__The problem__. When you reach the line with "Photo of 505" in the data below, begin printing lines exactly, and stop once the line with "رضا عطاران با" has been printed.

__Supplied entries__.
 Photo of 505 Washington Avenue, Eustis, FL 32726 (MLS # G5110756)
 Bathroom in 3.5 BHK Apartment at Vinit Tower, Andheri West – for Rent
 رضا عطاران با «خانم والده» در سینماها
==
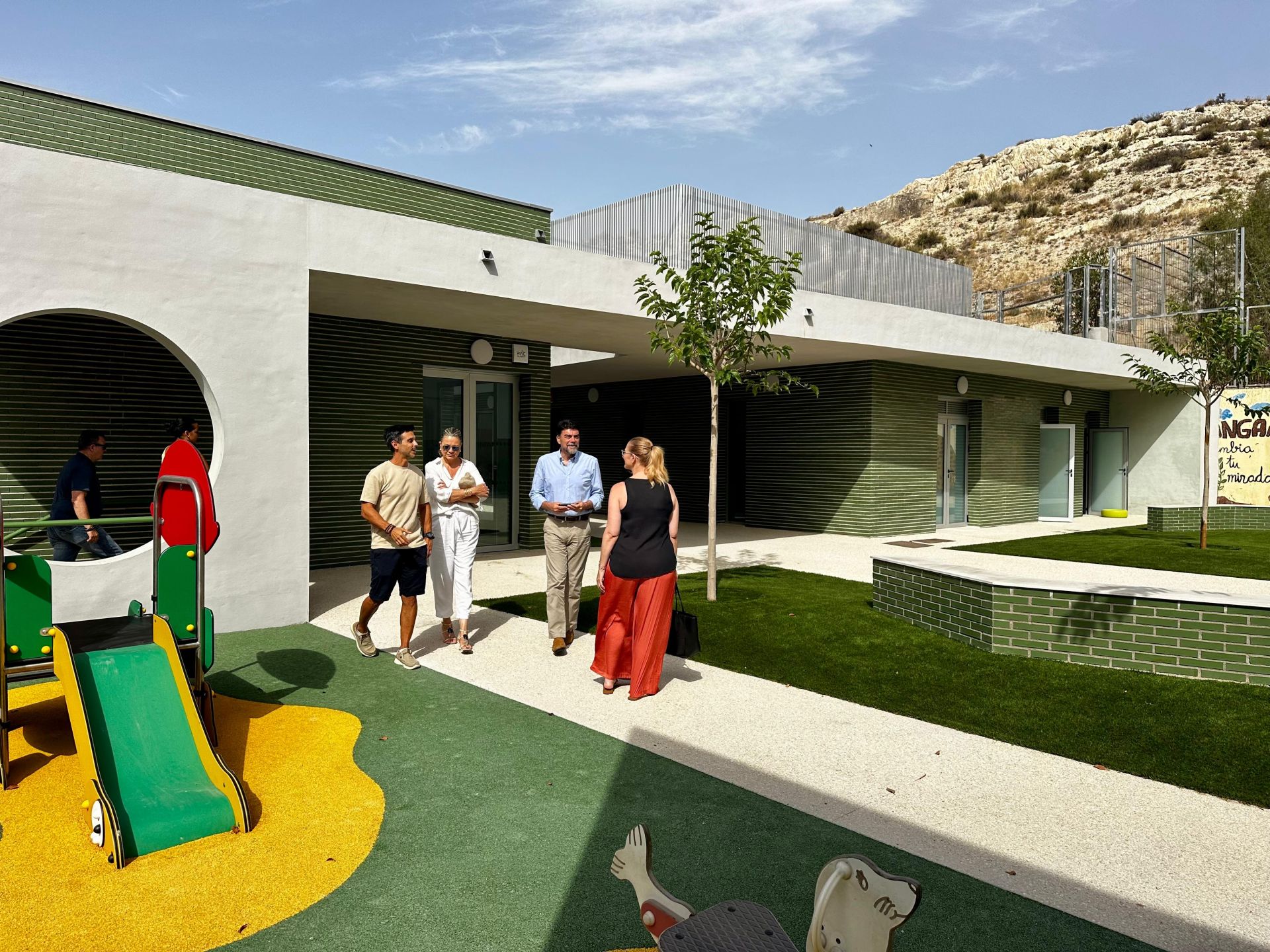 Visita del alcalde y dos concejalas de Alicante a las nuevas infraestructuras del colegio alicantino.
* * *
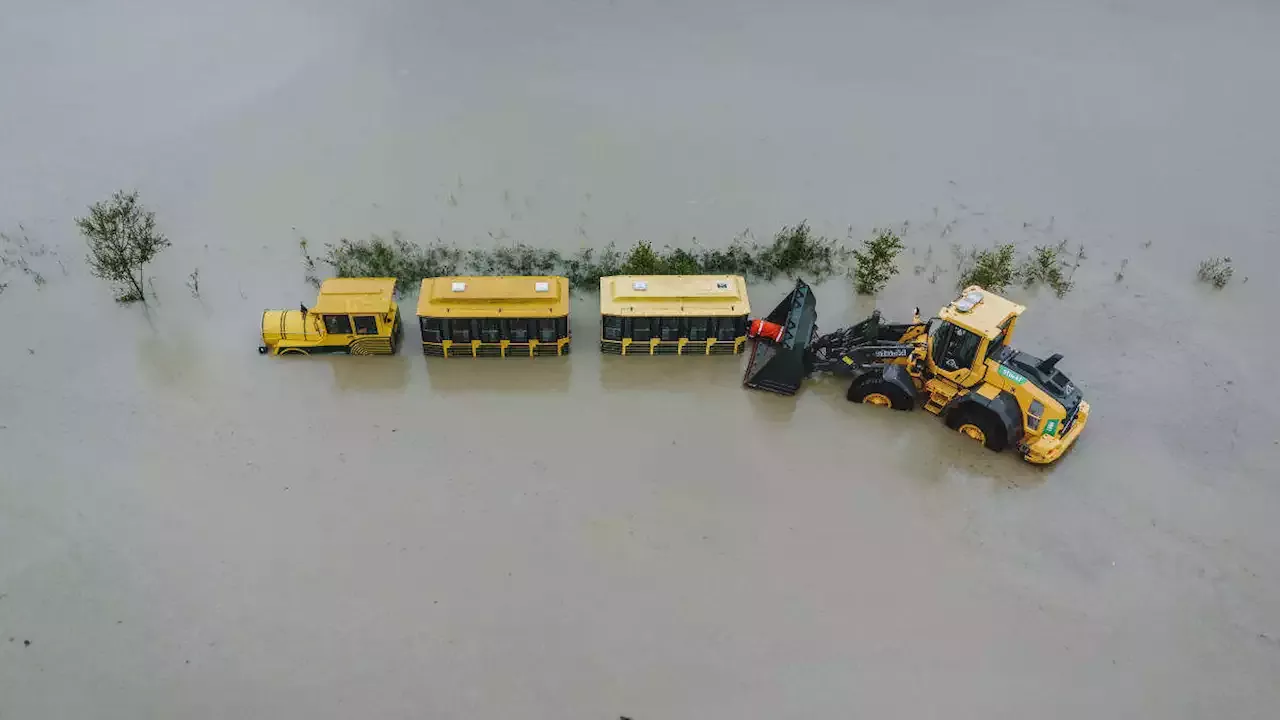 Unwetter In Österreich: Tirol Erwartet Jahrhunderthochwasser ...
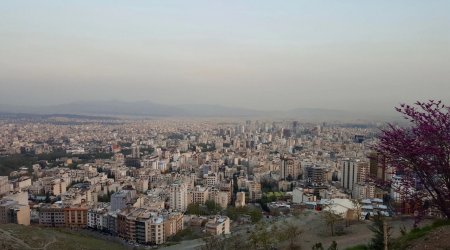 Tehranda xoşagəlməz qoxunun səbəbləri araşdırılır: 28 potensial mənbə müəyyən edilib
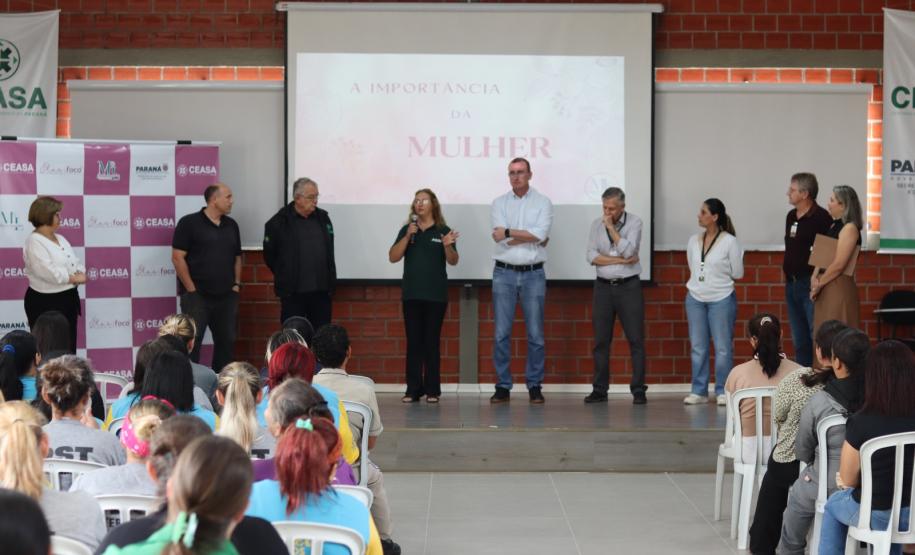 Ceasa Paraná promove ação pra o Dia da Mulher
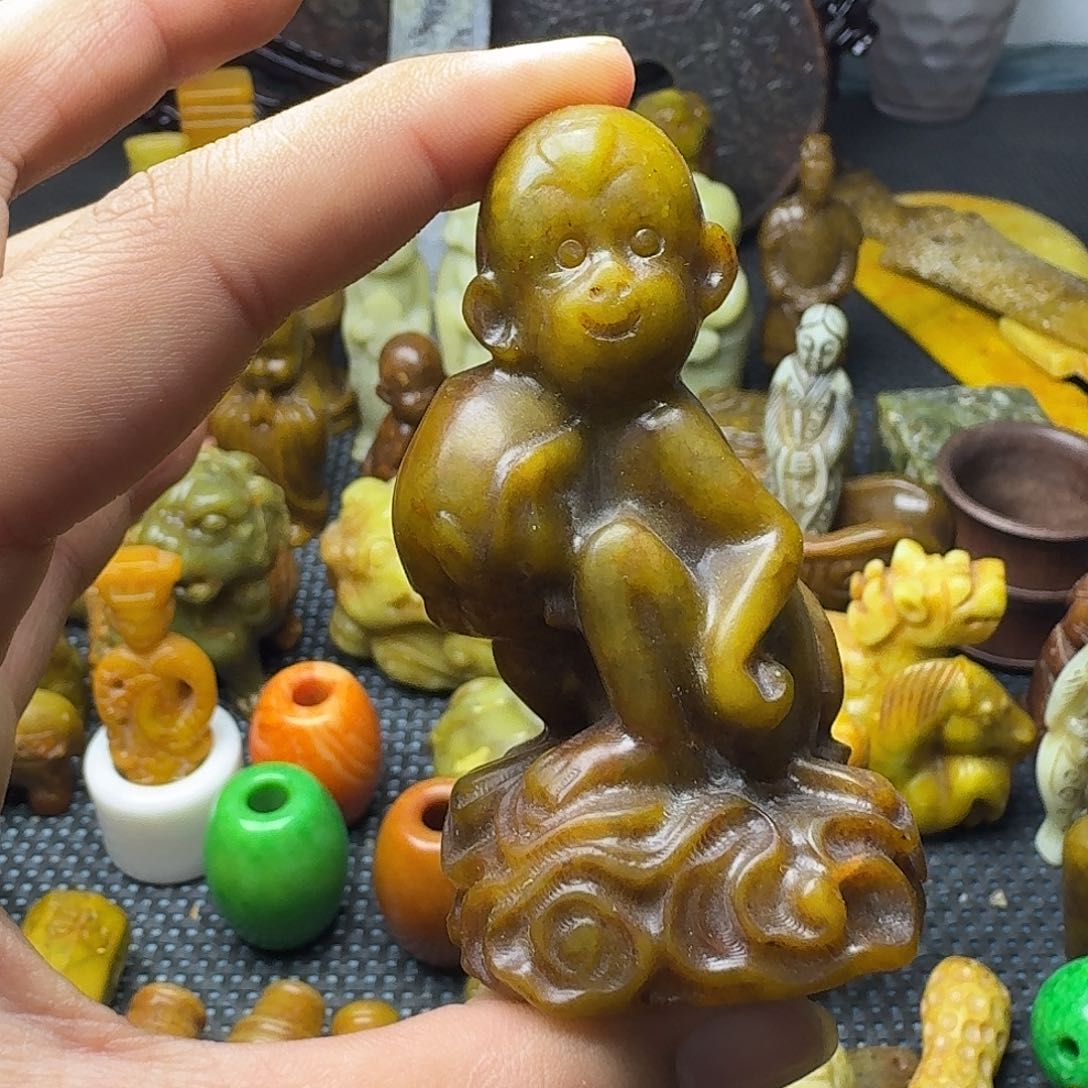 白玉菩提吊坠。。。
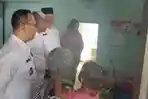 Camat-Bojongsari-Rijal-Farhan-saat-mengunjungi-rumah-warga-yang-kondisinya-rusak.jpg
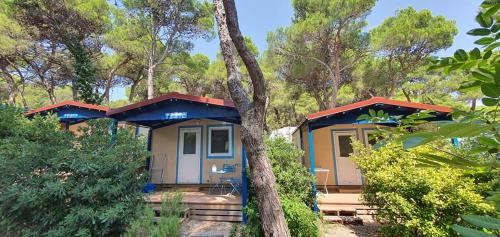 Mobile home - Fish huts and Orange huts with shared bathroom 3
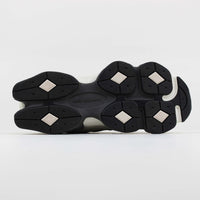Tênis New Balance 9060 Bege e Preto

__Task output__.
 Photo of 505 Washington Avenue, Eustis, FL 32726 (MLS # G5110756)
 Bathroom in 3.5 BHK Apartment at Vinit Tower, Andheri West – for Rent
 رضا عطاران با «خانم والده» در سینماها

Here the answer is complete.